Sensory versus Episodic

Today, the stimulus used to develop machine intelligence is sensory data, which is transferred between devices and the cloud – the same data that concerns many consumers. But what if instead of sending data related to such things as a thermostat’s temperature set point, what was transmitted mostly concerned the action taken by the embedded software machine – an episodic memory of the algorithm itself?

Context versus Activity

Instead of sending contextual and measurement states, possibly impeding privacy, the smart device streamed its actions and function calls in real-time to a backend simulation running in a “cloud” that mirrored many devices simultaneously.

This mirrored machine world would then allow the providers of loT devices to observe the “smartness” of their algorithms in action and to record, recall, and learn from such simulations without intruding on privacy, at least to the extent feared today.

Reactive versus Adaptive

There would still be data sharing but at a higher order – not state, but the action of control activities. The feed between the real world and the mirrored world need not be uni-directional; with bi-directional streaming between devices and the cloud software, developers could move from mostly static and reactive control algorithms to far more dynamic and adaptive ones driven by signals sent back from the mirrored world.

Local versus Global

Many control algorithms have static factors, such as hardwired parameters, that could be adjusted and adapted online by the mirrored world via signals, themselves mirrors of factors, sent back to the device.

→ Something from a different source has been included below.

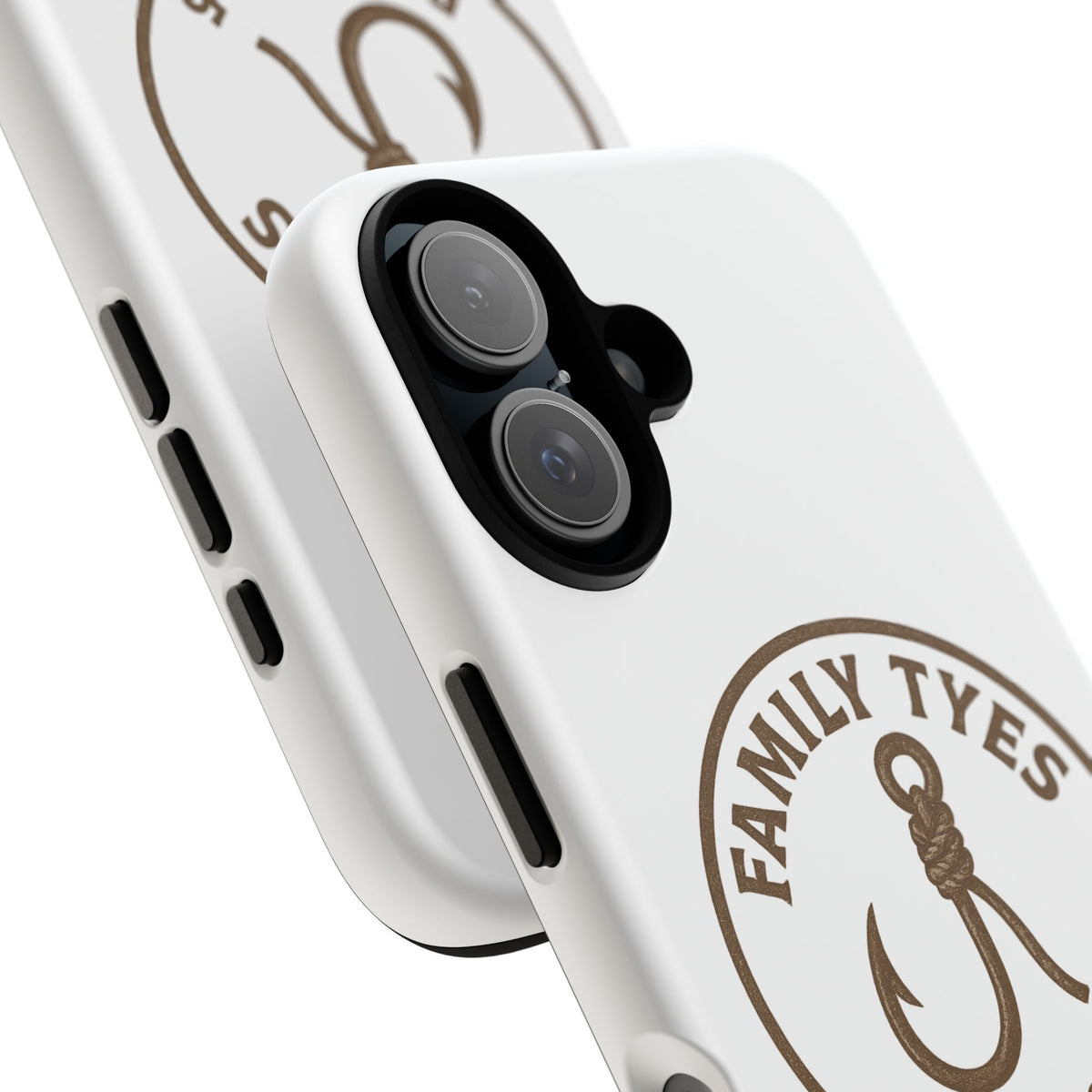 Personalized Family Tyes  Phone Case - EST. 2025 - Durable Tough Cases for Family and Friends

An intelligent algorithm would move from local to distributed as well as global.

Device versus Twin

A benefit of doing so would be that the device software could remain unchanged. The smartness would be achieved remotely from data shared across many mirrored devices and enhancements to the signal actuators or generators within the mirrored simulated device world.

Another benefit of this approach is that any additional sharing of observations and extension of capabilities would be performed from within the mirrored world without giving up the identity and access to the actual device itself.

In doing so, smart devices would remain lean and focused on the control aspects, with expensive computation and extended capabilities offloaded to the cloud, a mirror world of machine behavior, affording other means of communication with the consumer.

Online versus Offline

Moreover, offline device memories and simulated recollection play more naturally to the immutable and isolation needs of computation in turn, while solving one of the most significant issues found with engineering data systems – the disconnect between data collection in the form of telemetry data, as promoted by MQTT, and the perception of reality as performed by humans that is grounded in motion and action.

Waste versus Lean

We need to rethink the primacy we give to data and see it merely as a means to recreate reality in the form of machine action. When done so, data systems, their flows, and storage design will radically change. Being realistic, it will not be possible to train the big brain based solely on event data describing the sequencing of software execution void of context. There will still be a need to transmit parameterized data associated with action and flow, but it won’t be “let’s just (keep) send everything we can collect until we figure out how to monetize it [data]”!